U.S. probes Mercedes vans for possible unwanted acceleration
A Mercedes logo is shown on Nov. 4, 2015. (Gene J. Puskar / AP)
DETROIT -- U.S. auto safety regulators are investigating speed sensor problems with Mercedes-Benz Sprinter full-size vans that could cause unwanted acceleration.
The probe by the National Highway Traffic Safety Administration covers about 160,000 Sprinter 2500 and 3500 vans from the 2011 through 2018 model years.
The agency says it has 44 complaints of rear wheel speed sensor problems that caused large fluctuations in speed and erratic transmission shifting. Owners also reported the vans went into limp-home mode mode, and dashboard warning lights were activated.
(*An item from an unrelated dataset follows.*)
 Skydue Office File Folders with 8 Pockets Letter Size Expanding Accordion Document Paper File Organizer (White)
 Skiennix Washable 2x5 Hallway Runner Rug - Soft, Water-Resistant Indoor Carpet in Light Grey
There were no reports of crashes or injuries in documents posted on Friday on the agency's website.
The majority of the complaints were about vans converted to recreational vehicles, which account for about one-third of the Sprinter population. The agency says 11 owners reported multiple sensor replacements. It says the problems may be caused by moisture getting into the sensors.
Mercedes said Friday that it is communicating with NHTSA and will "continue to fully co-operate with the agency."
NHTSA says it will investigate how often the problem happens and the safety consequences. The probe could lead to a recall.